# Bocairent



## Rabbitcat (Aug 31, 2014)

Hi folks

Another info seeking request on a town. Anyone know much/ anything about this one. 

I have of course searched the net and YouTube before bothering members but can find very little. I also think it's best if you can get firsthand knowledge from people who have been there rather than anon online articles. Thanks again


----------



## snikpoh (Nov 19, 2007)

Rabbitcat said:


> Hi folks
> 
> Another info seeking request on a town. Anyone know much/ anything about this one.
> 
> I have of course searched the net and YouTube before bothering members but can find very little. I also think it's best if you can get firsthand knowledge from people who have been there rather than anon online articles.
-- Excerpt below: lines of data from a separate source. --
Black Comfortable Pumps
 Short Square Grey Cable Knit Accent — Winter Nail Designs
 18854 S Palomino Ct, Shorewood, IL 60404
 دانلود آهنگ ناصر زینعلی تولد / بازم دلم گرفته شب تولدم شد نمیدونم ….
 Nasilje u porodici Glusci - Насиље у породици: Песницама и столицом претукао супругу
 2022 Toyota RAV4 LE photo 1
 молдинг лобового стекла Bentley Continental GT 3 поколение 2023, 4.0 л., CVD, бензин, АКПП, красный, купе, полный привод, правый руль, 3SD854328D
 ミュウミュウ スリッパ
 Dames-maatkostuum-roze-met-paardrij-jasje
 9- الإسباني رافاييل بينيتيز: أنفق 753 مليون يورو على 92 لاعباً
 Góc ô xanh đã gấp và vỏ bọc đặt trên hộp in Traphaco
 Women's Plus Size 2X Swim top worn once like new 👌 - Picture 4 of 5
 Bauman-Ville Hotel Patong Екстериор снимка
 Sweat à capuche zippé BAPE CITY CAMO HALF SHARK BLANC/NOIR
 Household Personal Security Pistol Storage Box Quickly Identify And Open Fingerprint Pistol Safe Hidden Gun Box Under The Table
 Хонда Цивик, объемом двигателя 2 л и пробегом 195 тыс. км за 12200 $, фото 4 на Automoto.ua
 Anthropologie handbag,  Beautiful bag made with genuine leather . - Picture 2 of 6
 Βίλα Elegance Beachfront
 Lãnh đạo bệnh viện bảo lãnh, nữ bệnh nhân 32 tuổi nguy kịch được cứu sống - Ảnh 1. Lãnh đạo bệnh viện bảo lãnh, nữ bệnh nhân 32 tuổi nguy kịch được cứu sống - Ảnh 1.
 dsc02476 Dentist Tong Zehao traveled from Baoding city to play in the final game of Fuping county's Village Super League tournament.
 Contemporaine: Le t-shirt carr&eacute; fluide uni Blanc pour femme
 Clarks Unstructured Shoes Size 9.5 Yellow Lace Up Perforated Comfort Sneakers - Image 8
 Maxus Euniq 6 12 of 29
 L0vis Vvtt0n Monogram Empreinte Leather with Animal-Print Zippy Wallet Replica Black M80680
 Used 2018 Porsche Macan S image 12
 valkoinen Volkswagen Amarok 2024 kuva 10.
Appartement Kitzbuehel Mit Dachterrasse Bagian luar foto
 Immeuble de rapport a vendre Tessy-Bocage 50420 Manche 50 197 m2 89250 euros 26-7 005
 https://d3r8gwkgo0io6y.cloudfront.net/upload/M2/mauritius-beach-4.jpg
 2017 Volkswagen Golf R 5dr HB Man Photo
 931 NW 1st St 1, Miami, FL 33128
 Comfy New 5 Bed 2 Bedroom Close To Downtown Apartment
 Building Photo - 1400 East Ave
Thanks again


What would you like to know?

The town is quite small with few expats. The roads are very narrow with almost no parking in the centre. You would have to be fit to live there as it's on a hill with narrow cobbled 'lanes'.

It's really quite beautiful with the main square having many houses and shops with cave rooms (underground rooms anyway). The actual cave houses are great to visit if you have a head for heights and aren't too large 

Nearest 'big' town is Ontinyent or over the mountains and the Sierra Mariola (if it's still there after yesterdays forest fire) is Alcoy.


----------



## The Skipper (Nov 26, 2014)

Rabbitcat said:


> Hi folks
> 
> Another info seeking request on a town. Anyone know much/ anything about this one.
> 
> I have of course searched the net and YouTube before bothering members but can find very little. I also think it's best if you can get firsthand knowledge from people who have been there rather than anon online articles. Thanks again


I can endorse what Snikpoh has said. As the crow flies it is not far from where I live, and we could clearly see the smoke from yesterday's fire, but it is about a 30-40 minute drive because we have a large mountain (Montcabrer) between us! It is one of the many places that we always take our visitors to see because it is so beautiful and interesting, but the fact that it is a tourist attraction would put me off of living there! Our friends fell in love with a house near Bocarient, a beautifully restored finca in a picturesque gorge, but luckily discovered the flooding history before making an offer (the fact that a stream through the gorge was still running in July rang alarm bells)!


----------



## Rabbitcat (Aug 31, 2014)

Weather folks, what's it like in winter?
Thanks


----------



## snikpoh (Nov 19, 2007)

Rabbitcat said:


> Weather folks, what's it like in winter?
> Thanks


Like Ontinyent, it can get cold and you can get snow (I guess it's a bit higher up so may be a touch colder).

However, on the whole very moderate. This last winter we had maybe just a couple of frosty mornings but no snow and in the twenties by mid afternoon.

Again, like Ontinyent I think they haven't seen rain for ages.


----------



## Rabbitcat (Aug 31, 2014)

Thanks folks very much appreciated. Sadly your talk of serious hills puts my smoke out totally, great to have these insights. Cheers


----------



## snikpoh (Nov 19, 2007)

Rabbitcat said:


> Thanks folks very much appreciated. Sadly your talk of serious hills puts my smoke out totally, great to have these insights. Cheers


I'm sure you've done this but if not, take a look here https://www.google.es/search?q=bocairent&espv=2&biw=1280&bih=899&source=lnms&tbm=isch&sa=X&ved=0ahUKEwj9ypTxtJvOAhWJLhoKHbdUDyUQ_AUIBigB


----------